The mail had been placed on my desk in the Education Office of the Archdiocese of New York. It was the usual collection of business correspondence and advertisements, plus a mailing tube almost two feet long. Inside the tube was a large, blank piece of mounting paper to which was attached a memorandum dated August 5, 1985.
"As a friend of Count Enrico Galeazzi," the memorandum read, "we would be grateful if you would write a tribute to him in your own hand on the attached page and send the page to us in the mailing tube in which you received it. The tribute will be included in a large, bound book that will be presented to the Count in Rome next month on the occasion of his ninetieth birthday."
I had never considered myself in any sense a close friend of Count Enrico Galeazzi. He was the architect who had designed the North American College in Rome where I had studied as a seminarian and later served as a faculty member. I admired him greatly as a gifted architect, a trusted adviser of Pope Pius XII, and a distinguished Catholic layman. Still, contacts between us were quite formal and usually limited to occasions of celebration at the College.

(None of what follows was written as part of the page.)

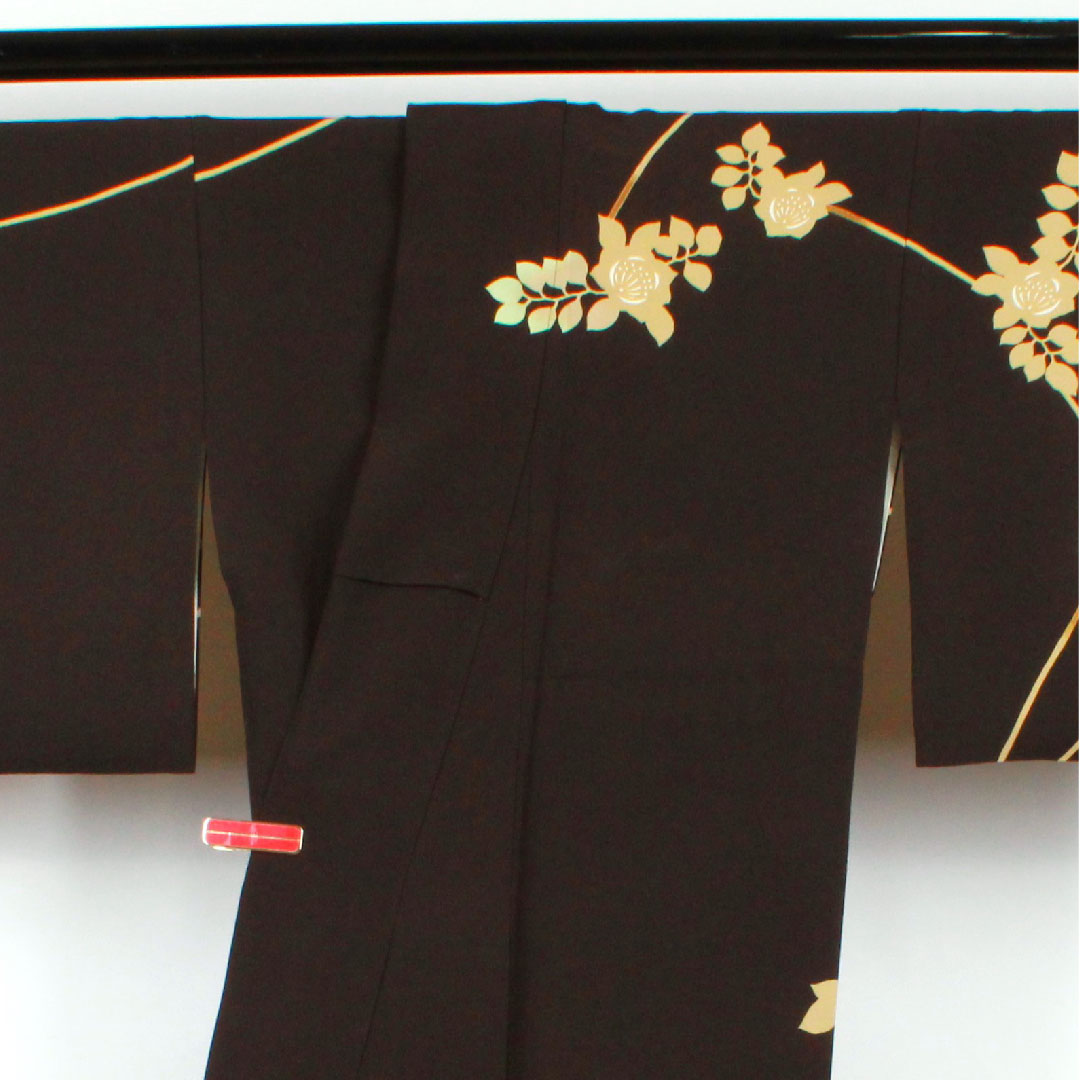 訪問着 袷 身丈161cm 裄丈70cm 黒鼠色 手描き友禅 草花模様 正絹 Sランク 黒系 1112001762410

There was, however, one exception. Serving on the faculty with me in the early 1960's was a brilliant, young priest who was extraordinarily zealous in his work and inclined to be rather nervous. One day in Saint Peter's Basilica the Count approached me, chatted for a while, and then extracted from his pocket a key which he pressed into my hand.
"Your colleague needs to get away every so often," he announced. "Here is a key to my home in Circeo. It is on the water, and there is a family living at the end of the property who will be happy to prepare meals for the two of you. Take some time off when you see your colleague getting overly tired. It will do both of you a lot of good."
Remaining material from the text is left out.